Lo scrittore Nicolai Lilin racconta Putin dalla prospettiva russa

Nicolai Lilin, pseudonimo di Nikolai Verjbitkii, è uno scrittore russo che ha pubblicato per i tipi di Piemme il libro da titolo: “Putin. L’ultimo zar”. È un volume di grande interesse perché non solo ricostruisce la vita sorprendente e la folgorante ascesa politica di Vladimir Putin, da una misera casa popolare di un quartiere criminale di Leningrado alla poltrona presidenziale del Cremlino, ma lo fa privo dei pregiudizi di un occidentale. Il quartiere dove visse l’attuale Presidente della Federazione Russa era uno dei tanti luoghi in cui regnava la dottrina sovietica di uguaglianza tra i cittadini che si traduceva nel rimescolamento dei ceti sociali, anche se il comunismo ufficialmente riconosceva un solo ceto sociale, cioè il proletariato. Nella realtà quotidiana le cose, però, andavano diversamente. Anche se il padre di Putin potrebbe essere considerato una persona normale, lavorava come fabbro, il nonno paterno Spiridon, che era diventato un rinomato chef, lavorò prima nella cucina della villa dei Lenin e poi in una delle ville di Stalin.

Con il suo peculiare stile, Lilin si spinge ad indagare non solo la storia ma anche l’animo di Putin. Come in un romanzo ne racconta le origini, ne descrive le trasformazioni, ne ricorda i talenti che lo hanno portato a diventare il personaggio che conosciamo: temuto, amato, discusso e divisivo. Un ragazzo a cui la strada ha insegnato a essere spietato e ambizioso. Un giovane uomo affascinato dalle avventure delle spie sovietiche che sogna di lavorare nel KGB.
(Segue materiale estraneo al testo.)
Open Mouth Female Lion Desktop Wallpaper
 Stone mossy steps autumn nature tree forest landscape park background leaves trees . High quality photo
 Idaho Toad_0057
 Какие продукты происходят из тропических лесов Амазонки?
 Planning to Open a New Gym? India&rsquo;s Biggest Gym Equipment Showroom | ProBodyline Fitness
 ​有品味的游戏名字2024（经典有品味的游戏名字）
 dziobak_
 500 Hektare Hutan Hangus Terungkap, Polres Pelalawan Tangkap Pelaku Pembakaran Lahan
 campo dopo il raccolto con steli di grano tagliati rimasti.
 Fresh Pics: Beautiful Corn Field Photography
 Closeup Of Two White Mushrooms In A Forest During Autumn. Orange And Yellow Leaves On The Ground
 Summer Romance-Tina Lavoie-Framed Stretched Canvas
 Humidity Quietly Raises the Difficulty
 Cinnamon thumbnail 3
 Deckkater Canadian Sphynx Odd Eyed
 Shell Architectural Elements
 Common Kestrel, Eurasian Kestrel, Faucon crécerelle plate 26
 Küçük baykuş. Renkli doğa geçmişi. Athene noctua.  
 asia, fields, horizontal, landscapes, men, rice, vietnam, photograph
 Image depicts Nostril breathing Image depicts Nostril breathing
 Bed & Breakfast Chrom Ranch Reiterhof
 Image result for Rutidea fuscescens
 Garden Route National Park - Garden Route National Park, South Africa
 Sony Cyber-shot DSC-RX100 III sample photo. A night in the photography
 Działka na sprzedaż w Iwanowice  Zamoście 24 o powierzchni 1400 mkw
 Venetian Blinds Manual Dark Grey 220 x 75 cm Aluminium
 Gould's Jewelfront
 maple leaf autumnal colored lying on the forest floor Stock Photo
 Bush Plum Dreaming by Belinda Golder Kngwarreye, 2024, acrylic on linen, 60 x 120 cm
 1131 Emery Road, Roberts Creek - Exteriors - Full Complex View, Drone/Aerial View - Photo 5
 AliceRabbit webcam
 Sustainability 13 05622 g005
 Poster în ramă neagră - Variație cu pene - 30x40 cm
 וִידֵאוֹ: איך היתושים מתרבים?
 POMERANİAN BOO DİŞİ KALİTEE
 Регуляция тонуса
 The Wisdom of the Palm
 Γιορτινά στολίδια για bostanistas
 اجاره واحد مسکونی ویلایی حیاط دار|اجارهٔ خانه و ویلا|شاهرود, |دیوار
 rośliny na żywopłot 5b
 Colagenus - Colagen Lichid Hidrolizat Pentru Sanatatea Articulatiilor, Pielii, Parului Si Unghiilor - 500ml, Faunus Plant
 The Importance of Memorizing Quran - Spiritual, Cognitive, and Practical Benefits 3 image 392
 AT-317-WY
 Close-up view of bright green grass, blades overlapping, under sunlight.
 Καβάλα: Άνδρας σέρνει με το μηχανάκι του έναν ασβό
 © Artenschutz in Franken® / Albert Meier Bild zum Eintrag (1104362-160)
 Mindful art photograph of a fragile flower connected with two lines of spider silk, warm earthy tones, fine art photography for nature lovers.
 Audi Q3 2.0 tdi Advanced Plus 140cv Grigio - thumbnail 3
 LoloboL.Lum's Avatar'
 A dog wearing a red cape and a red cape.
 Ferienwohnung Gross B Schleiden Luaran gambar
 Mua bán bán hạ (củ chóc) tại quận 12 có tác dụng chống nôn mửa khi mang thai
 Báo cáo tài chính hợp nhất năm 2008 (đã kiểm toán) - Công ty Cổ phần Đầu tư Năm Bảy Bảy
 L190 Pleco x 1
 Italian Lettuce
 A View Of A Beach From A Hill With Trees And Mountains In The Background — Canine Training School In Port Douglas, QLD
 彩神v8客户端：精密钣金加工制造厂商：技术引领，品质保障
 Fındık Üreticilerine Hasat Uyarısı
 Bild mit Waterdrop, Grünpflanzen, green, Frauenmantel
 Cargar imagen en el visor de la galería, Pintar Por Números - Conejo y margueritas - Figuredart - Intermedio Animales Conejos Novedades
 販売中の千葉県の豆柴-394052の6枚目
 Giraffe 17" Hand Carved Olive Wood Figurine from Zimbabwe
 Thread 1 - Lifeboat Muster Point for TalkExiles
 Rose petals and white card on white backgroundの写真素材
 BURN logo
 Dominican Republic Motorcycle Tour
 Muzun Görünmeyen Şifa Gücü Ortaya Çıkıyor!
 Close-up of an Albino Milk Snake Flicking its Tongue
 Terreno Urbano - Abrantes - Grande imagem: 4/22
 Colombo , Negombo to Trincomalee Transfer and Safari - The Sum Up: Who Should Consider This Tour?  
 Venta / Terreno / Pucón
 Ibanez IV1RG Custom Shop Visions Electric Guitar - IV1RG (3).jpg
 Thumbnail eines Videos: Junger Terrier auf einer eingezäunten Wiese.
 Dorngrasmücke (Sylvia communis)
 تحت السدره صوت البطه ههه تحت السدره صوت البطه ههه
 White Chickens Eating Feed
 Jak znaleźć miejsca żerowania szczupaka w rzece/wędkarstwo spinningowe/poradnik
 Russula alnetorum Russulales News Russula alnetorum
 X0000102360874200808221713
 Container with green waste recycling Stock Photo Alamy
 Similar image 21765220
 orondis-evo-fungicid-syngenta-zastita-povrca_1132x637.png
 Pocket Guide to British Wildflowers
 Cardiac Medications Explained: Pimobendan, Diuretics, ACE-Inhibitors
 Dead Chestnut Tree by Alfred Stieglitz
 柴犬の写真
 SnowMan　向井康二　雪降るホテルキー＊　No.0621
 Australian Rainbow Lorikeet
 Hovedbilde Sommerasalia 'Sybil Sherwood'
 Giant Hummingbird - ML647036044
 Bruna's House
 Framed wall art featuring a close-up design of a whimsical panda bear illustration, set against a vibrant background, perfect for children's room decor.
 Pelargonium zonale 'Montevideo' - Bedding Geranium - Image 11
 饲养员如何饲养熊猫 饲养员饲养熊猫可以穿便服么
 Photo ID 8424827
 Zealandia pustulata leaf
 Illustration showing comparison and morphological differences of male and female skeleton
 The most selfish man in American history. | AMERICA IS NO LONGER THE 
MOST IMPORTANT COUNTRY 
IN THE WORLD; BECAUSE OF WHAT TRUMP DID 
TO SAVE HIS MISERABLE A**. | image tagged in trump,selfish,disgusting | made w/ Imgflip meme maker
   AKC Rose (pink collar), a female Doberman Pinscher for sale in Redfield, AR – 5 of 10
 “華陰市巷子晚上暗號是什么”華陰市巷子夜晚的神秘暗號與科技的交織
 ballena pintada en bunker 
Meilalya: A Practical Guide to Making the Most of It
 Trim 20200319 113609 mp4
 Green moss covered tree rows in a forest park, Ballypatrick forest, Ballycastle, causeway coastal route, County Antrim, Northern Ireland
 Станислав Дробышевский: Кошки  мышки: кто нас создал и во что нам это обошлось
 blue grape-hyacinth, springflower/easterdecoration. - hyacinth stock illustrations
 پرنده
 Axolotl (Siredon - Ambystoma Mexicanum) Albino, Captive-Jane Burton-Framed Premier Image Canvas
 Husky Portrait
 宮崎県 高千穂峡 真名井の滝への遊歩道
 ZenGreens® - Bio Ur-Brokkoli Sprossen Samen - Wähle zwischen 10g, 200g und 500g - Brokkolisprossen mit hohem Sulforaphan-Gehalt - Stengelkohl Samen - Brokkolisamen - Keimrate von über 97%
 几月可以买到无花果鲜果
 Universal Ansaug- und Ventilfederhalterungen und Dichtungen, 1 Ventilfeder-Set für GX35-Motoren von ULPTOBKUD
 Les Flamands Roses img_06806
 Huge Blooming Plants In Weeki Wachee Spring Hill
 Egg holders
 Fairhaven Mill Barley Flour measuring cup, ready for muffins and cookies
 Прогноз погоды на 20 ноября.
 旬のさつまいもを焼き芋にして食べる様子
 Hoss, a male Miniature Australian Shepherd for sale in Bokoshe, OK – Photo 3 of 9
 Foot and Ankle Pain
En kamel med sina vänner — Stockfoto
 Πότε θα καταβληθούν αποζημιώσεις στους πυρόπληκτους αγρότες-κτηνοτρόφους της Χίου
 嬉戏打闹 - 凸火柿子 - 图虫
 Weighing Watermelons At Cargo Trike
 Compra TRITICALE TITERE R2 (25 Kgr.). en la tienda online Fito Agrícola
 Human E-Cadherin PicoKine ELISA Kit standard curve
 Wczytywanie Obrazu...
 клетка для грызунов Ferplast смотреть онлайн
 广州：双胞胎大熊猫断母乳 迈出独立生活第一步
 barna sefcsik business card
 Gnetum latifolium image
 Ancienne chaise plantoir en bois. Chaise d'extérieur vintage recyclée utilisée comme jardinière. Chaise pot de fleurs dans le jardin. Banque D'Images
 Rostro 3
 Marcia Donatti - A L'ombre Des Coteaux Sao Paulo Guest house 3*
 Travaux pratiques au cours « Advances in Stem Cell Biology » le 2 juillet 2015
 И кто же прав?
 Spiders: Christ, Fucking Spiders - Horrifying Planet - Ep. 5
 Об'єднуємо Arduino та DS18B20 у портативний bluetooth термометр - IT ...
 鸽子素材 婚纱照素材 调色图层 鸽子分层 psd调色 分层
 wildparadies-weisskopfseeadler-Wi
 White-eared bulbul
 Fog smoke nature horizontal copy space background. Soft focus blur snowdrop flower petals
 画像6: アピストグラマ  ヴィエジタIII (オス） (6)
È interessante quando lo scrittore racconta il crollo dell’Unione Sovietica e il caos che ne scaturì “L’Unione Sovietica stava crollando, e il paese era diviso in due fazioni. Da una parte quelli che si aggrappavano alla speranza che la grande potenza che per settant’anni si era spartita il mondo con il proprio avversario d’oltreoceano sarebbe rimasta in piedi e per qualche miracolo sarebbe passata attraverso la tempesta, conservando la propria struttura e la propria ideologia. I loro avversari, invece, non nutrivano nessuna illusione sul futuro della patria sovietica e ormai si comportavano come se già vivessero in un altro paese”.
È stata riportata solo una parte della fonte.